Hacker News new | ask | show | jobs
by fleitz 4801 days ago
Why does the method of mining mean that a currency should not be accepted?

Gold serves as a currency yet the methods of mining have changed drastically in the last 1,000 years.

2 comments

Gold fell out of widespread use as a currency after the mining became industrialized. Nobody wants to play in a rigged game.
Tell me more about how gold fell out of use as currency because mining became industrialized.

http://en.wikipedia.org/wiki/Bretton_Woods_system http://en.wikipedia.org/wiki/Executive_Order_6102

I'm not a gold bug and I see many problems with using gold as a currency, namely that the amount of currency in circulation should depend on how much stuff we can dig out of the ground. (In the case of BTC something about how many times a SHA-256 hash can be calculated.)

The idea that gold fell out of use as currency because of industrialization is either a completely new discovery in economics, or completely wrong.
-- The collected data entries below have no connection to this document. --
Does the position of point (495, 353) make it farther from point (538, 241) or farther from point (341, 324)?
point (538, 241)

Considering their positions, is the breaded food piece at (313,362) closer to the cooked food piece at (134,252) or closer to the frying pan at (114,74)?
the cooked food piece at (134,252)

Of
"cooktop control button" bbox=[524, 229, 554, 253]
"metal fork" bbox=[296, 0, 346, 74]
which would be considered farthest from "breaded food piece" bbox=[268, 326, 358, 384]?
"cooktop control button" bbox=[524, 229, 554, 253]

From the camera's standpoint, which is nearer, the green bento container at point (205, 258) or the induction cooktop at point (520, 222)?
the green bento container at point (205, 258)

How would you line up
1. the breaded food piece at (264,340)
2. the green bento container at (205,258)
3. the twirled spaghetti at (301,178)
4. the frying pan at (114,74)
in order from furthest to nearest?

I'm pretty sure it's the latter.

I don't think the Bretton woods system counts. That's between countries, I'm talking about everyday preference for gold by individuals. I suppose I should have said specie instead.
> Gold serves as a currency

Not for the last 80 years it hasn't..

Actually 39 years. The USD was a token for gold until Nixon shock.
Yeah but that I define as "monetary metal for Central Bank settlements" gold, not "day-to-day normal-people transactional currency". Was it still "money" / monetary after 33? Certainly, until '71 (42 years ago, not 39). But "currency" (circulating to facilitate/lubricate individual micro rather than macro exchange&trade)? Hardly ;) Also not "legal tender" -- as in, for courts enforcing contract liabilities or tax payments.

TL;DR: only outside the US, only to Central Banks.
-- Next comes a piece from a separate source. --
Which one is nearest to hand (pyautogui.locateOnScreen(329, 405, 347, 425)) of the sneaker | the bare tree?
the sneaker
Interesting point. Wouldn't an individual Frenchman see a USD as a token for metal until the shock? And until the shock, national currencies circulated at a fixed exchange with the USD - thereby his own currency was effectively gold backed?
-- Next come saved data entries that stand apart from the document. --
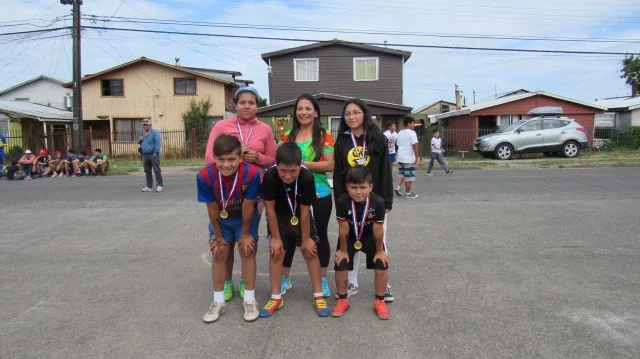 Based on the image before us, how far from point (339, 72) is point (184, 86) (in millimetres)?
9264

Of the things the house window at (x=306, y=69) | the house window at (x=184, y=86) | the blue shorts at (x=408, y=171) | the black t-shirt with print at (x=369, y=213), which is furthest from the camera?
the house window at (x=184, y=86)

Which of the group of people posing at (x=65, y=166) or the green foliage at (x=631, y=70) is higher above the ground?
the green foliage at (x=631, y=70)

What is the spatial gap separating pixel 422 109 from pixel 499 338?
63106mm

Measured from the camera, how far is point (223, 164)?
3.52m

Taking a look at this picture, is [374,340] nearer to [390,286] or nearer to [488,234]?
[390,286]

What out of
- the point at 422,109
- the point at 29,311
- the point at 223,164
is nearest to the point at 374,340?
the point at 223,164

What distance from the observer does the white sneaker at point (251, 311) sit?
3.55m

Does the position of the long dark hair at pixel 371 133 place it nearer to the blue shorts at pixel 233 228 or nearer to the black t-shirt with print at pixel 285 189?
Result: the black t-shirt with print at pixel 285 189

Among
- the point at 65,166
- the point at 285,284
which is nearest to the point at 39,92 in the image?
the point at 65,166

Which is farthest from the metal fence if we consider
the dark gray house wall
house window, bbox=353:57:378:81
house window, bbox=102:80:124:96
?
house window, bbox=353:57:378:81

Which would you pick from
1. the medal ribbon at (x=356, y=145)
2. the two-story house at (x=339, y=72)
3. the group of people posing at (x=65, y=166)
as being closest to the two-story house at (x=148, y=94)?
the two-story house at (x=339, y=72)

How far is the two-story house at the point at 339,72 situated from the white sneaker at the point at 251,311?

At a national level, yes the Central Banks settled in gold, but that was after the micro transactions bubbled up to be settled from the commercial banks and then eventually cleared at the Central Bank level (Talking on the edges of my understanding here - just trying to see if the reality for an individual level was the currency was gold backed until 71).

> And until the shock, national currencies circulated at a fixed exchange with the USD - thereby his own currency was effectively gold backed?

Yes, "effectively gold-backed" until the first guy came along to openly demand an actual physical (rather than "potential") exchange of USD reserves for real ounces, in size, from the US. Bam, Nixon shock. Essentially "caused" by one "individual Frenchman" (de Gaulle) testing whether the system can in fact, in size and in physical actuality consistently deliver what it promised to the world.